● DESCRIPTION OF THE TASK: Your answer should be the lines below from the one with "alam bet mobile" to the one with "5873 NW 125th Ter, Coral Springs FL 33076", both included, given again exactly and with nothing added.

● INPUT RECORDS:

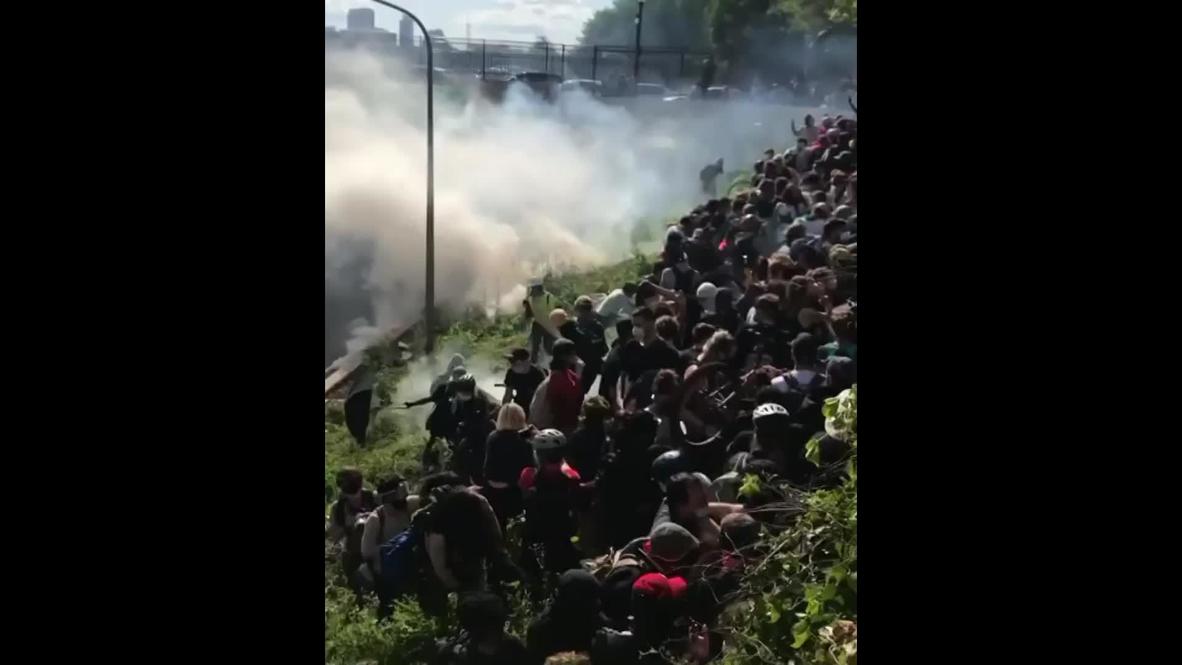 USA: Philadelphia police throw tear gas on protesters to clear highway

--

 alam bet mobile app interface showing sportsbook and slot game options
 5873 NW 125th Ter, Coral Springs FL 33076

● RESPONSE:
 alam bet mobile app interface showing sportsbook and slot game options
 5873 NW 125th Ter, Coral Springs FL 33076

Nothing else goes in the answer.